Christina Adam's LOVE AND COUNTRY is a complex book with complex characters, yet is written in a simple prose depicting the beauty of a small quiet ranching town in Idaho. The story takes place shortly after the Vietnam War, and the backdrop of this small town helps add to this tale of alienation and acceptance.
Kenny Swanson and his mother Lenna (Lenora) are newcomers to this small Idaho town. Kenny has just turned fourteen, and while it is difficult for all teenagers during this phase of life, he also has to deal with being new in school, yearning for a father who rarely visits, and wishing he could participate in his only real passion: the local rodeo. Because they don't have any insurance yet, his mother has asked him not to ride for a few more months, at least until the insurance kicks in. He has promised to abide by her wishes.

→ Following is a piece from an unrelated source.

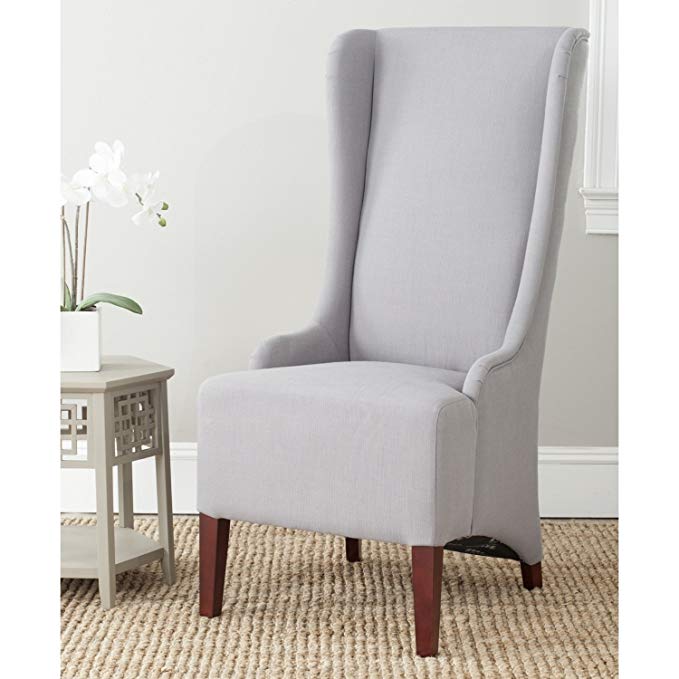 Safavieh Mercer Collection Becall Dining Chair, Artic Grey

However, he finds himself gravitating towards the rodeo grounds where rodeo star Roddy Moyers works. Roddy is a hero in this young boy's eyes and so Kenny has quite a pleasant shock when he meets Roddy and is encouraged to ride. The other men tease Kenny when he admits he has promised his mother that he wouldn't, and of course this does nothing for his self-esteem. He hides his anger from them as they heckle and laugh at him. He's angry not only because they have made fun of him, but because they have also made fun of his mother.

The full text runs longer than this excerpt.